MPLS Layer 3 VPN: With traditional L3VPN, organizations share their routes with a carrier in order to establish reachability between sites. This is often done with BGP, though other options exist. This requires coordination with the carrier in order to honor any QOS markings, to establish peering and allow traffic engineering.

MPLS Layer 2 VPN: Also known as VPLS, this simulates a layer 2 adjacent LAN. While useful for certain legacy application flows, or other corner cases, the main draw of VPLS is to allow organizations to utilize an IGP across the WAN and control routing without the need for carrier interaction. From a QoS perspective, markings still have to be coordinated and honored with the carrier, but the business controls all the routing themselves. However, since the LAN is virtual, the network topology requires coordination with the carrier.

IPSEC Site-to-Site: Less an actual transport, and more a security solution over an insecure transport, this covers insecure transports such as wireless, internet, and other third-party connections. Often times this ends up landing on a firewall or other security appliance, and so the ability to do routing and preference path selection is severely lacking. For example, if there are multiple internet transports, whichever tunnel is active will end up being utilized, without taking into account cost or speed. The tunnel with interesting traffic will be used until it goes down or is forced to change manually.

DMVPN Over Internet: Very popular in more recent years, and part of the Cisco IWAN solution, DMVPN allows the security of a VPN with the granular traffic engineering associated with routing, all packaged in a low-cost transport. This solution provides a lot of advantages with the only real disadvantage being taht the transport itself is unreliable in some countries and carries a very poor SLA, if any. Because of the low cost, low confidence, high bandwidth nature of Internet transport, DMVPN tends to be used for either backup connectivity, or to pin large, fault-resistant application movements such as TCP-based applications that have a lot of data to move but lack a strict SLA.
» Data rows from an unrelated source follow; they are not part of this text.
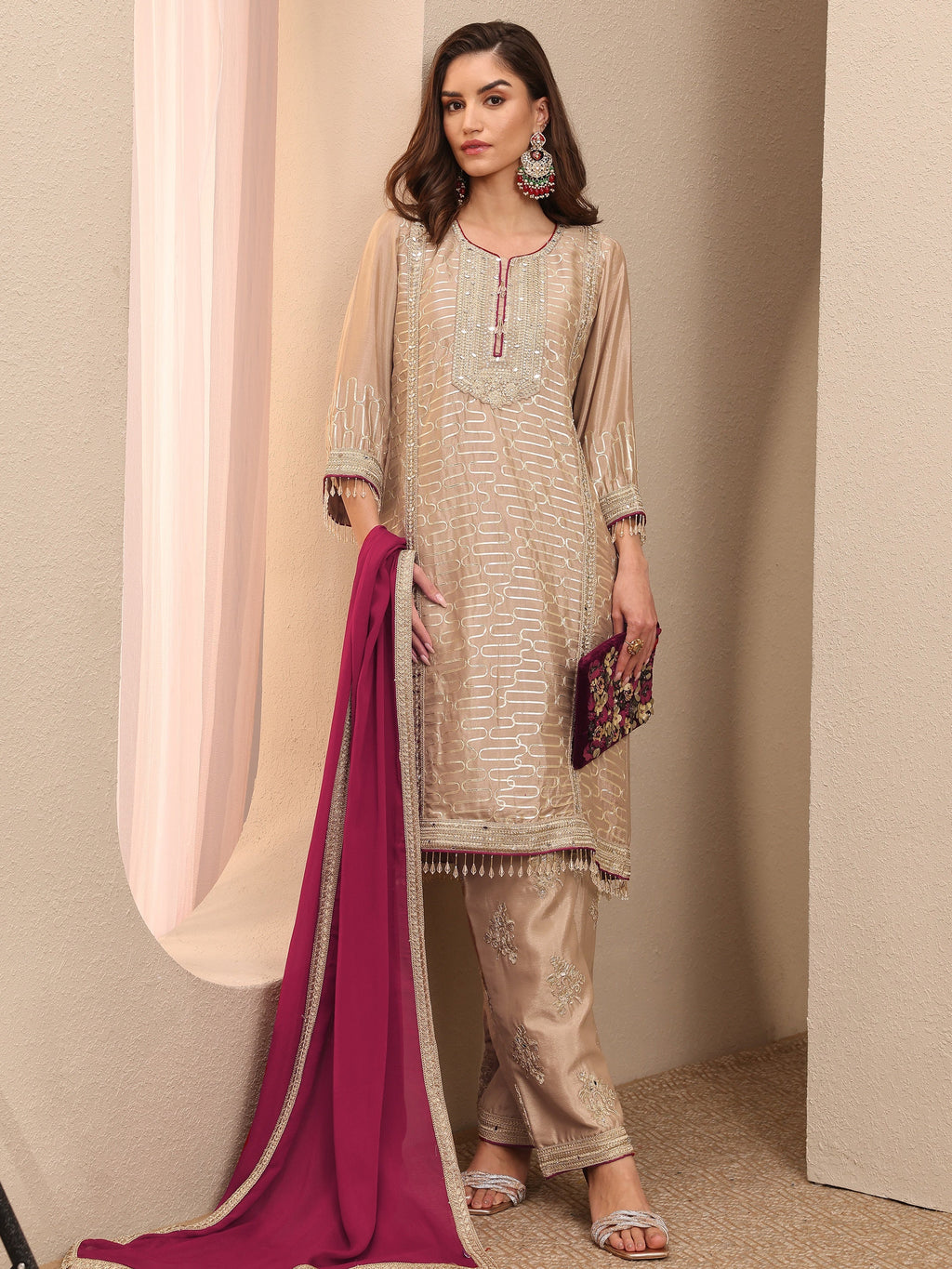 Libas Beige Embroidered Silk Blend Straight Suit Set With Dupatta
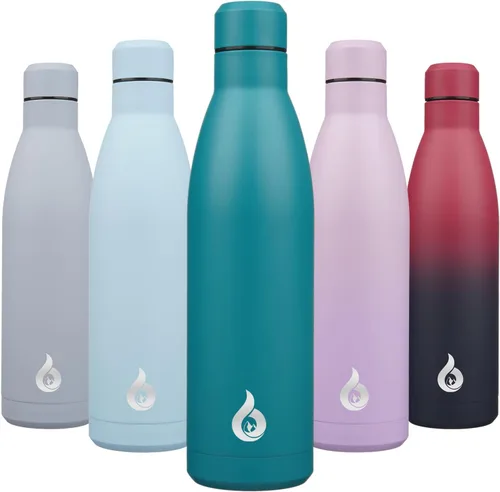 Miniatura 95 de BJPKPK Botella de Agua Aislada 17oz Botellas de Agua de Acero Inoxidable Apta para Lavavajillas Metal Térmica Mantiene Frío y Caliente, Gris Niebla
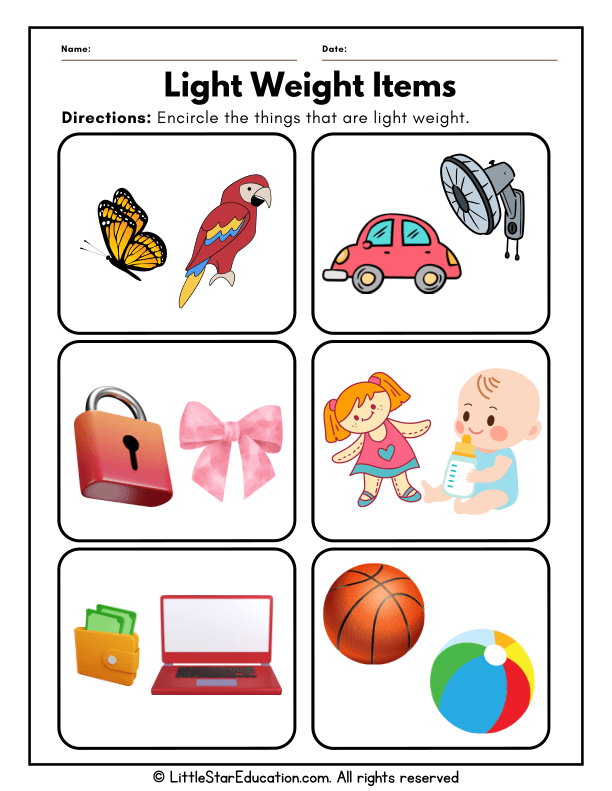 Identifying Light and Heavy Objects for Early Math Skills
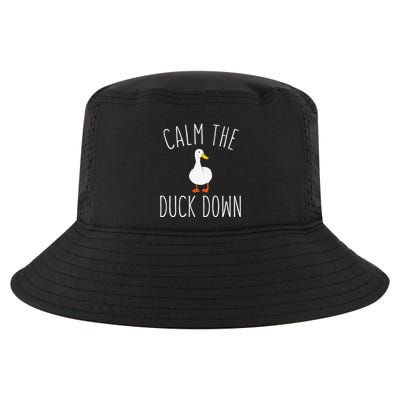 Calm The Duck Down Funny Duck White Bird Sassy Ducklings Cool Comfort Performance Bucket Hat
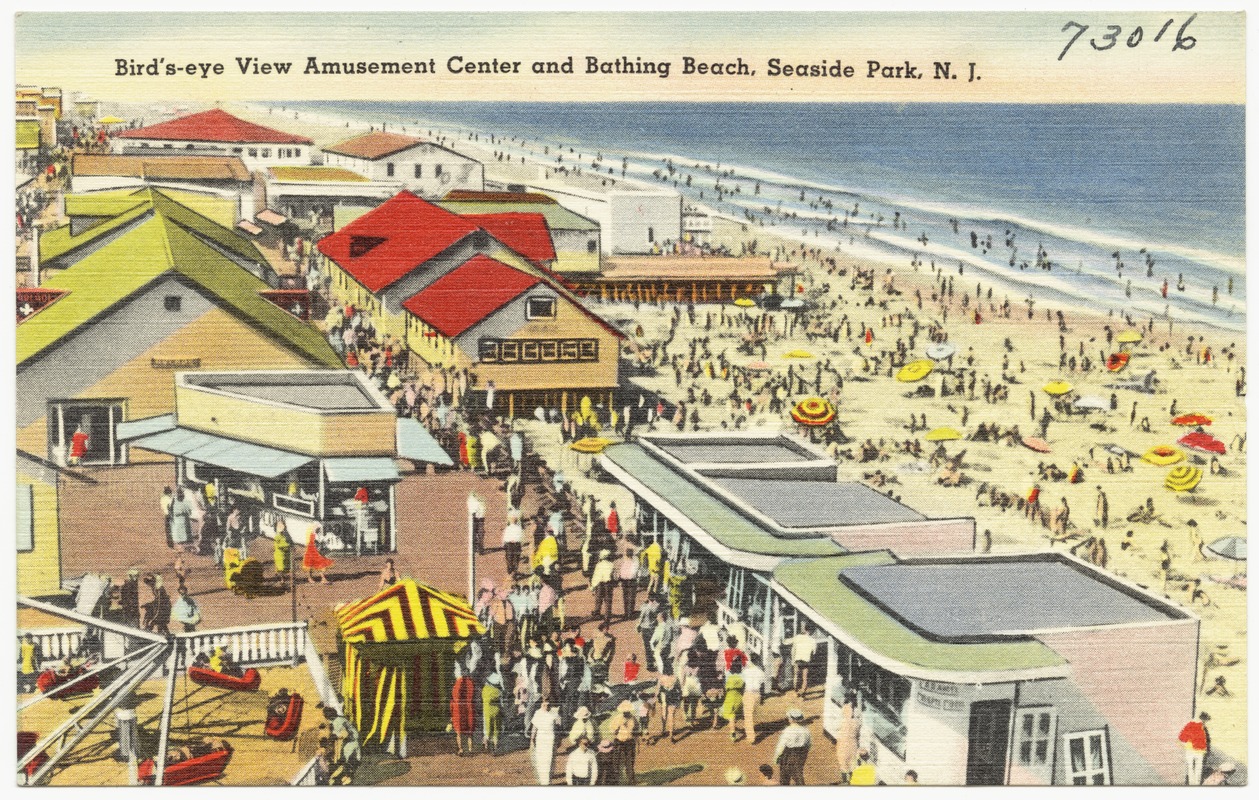 Bird's-eye view amusement center and bathing beach, Seaside Park, N. J.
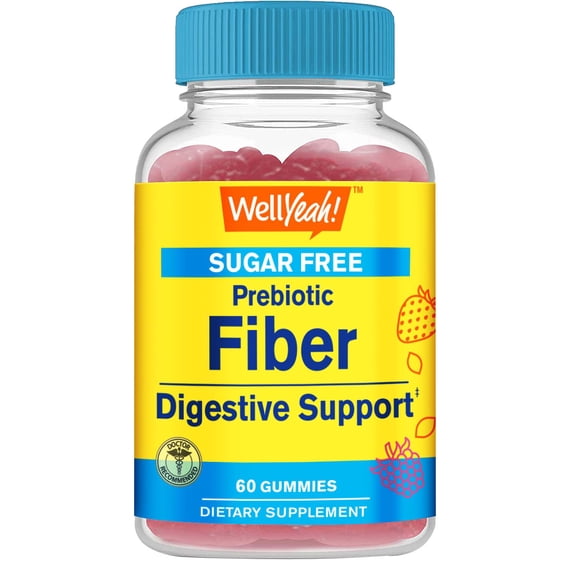 Sugar Free Fiber Gummies for Adults (4g)| Digestive Supprt |Prebiotic Fiber Supplement | 60 Count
Dark Fiber/Metro Ring: By far the simplest and easiest transport, and sometimes not even considered part of a WAN, this transport consists of leased/purchased fiber that connects geographically seperated areas, usually within a metropolitan area or across long distances, but differ from traditional WAN insofar as there is often no carrier or a more or less end-to-end physical layer.

As you can see, each transport solves some problems and introduces others. For each transport, the traffic engineering solutions that are available are different (or nonexistent). What if there were a way to do traffic engineering irrespective of the transport itself, and provide a clear and consistent set of criteria in order to create a single engineering vision?

Of course, we still have to be aware of the capabilities of each transport. Some do and don’t honor QOS markings, for example, and there are different SLAs and reliabilities associated. But what if we had a consistent policy across all the transports, and could use health monitoring to choose the best transport for the job?

This is a challenge which Cisco IWAN attempted to address, but whereas IWAN consisted of multiple solutions working toward a common goal, Viptela was purpose-built to be a single solution. Cisco IWAN was and is capable of maximizing the intelligent usage of WAN transports, but it lacks a single fabric pulling it all together, and orchestration is complicated.

That is what Cisco SD-WAN offers – the ability to provide consistent policy design, orchestration, application, and adherence, which creates a consistent fabric across any transport.

How Does Cisco SD-WAN Solve The Challenges?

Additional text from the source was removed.